Acompanhando a tensão do mercado, importantes bolsas na Europa operam em queda, assim como a Bolsa de Valores de São Paulo (Bovespa) e a Bolsa de Valores de Nova York que seguem registrando baixa.

Instantes atrás, o contrato de abril de 2007, o mais líquido, saía a 12,67%, igual ao fechamento de ontem, após 171,4 mil transações e giro de R$ 17 bilhões. Julho de 2007 mostrava taxa de 12,42%, a mesma do ajuste anterior, com 22 mil negócios e volume de R$ 2 bilhões. O DI de janeiro de 2008 indicava taxa de 12,03%, como no último fechamento, após 85 mil transações e giro de R$ 7,7 bilhões. Janeiro de 2009 saltava de 11,85%, do ajuste passado, para 11,89%, com 105,9 mil negócios e volume de R$ 8,6 bilhões. O contrato de janeiro de 2010 subia de 11,86%, do fechamento de terça-feira, para 11,91%, após 136 mil transações e giro de R4 9,9 bilhões.

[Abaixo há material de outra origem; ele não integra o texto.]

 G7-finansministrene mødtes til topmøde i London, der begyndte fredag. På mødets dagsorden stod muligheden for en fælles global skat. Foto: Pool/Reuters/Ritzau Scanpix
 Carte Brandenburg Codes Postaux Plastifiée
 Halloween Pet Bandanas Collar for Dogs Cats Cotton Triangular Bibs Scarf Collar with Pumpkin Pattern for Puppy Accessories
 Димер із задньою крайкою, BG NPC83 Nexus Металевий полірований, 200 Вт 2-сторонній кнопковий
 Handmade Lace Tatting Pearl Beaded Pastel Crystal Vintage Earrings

No cenário doméstico, os investidores ficam carentes de um evento importante para guiar os negócios. A expectativa é com a ata do Comitê de Política Monetária (Copom) que será divulgada amanhã. O documento pode revelar os motivos que levaram o colegiado do BC a decidir pelo corte de 0,25 ponto percentual (atualmente em 12,75%) e também sinalizar quais os próximos passos que serão dados pelo comitê.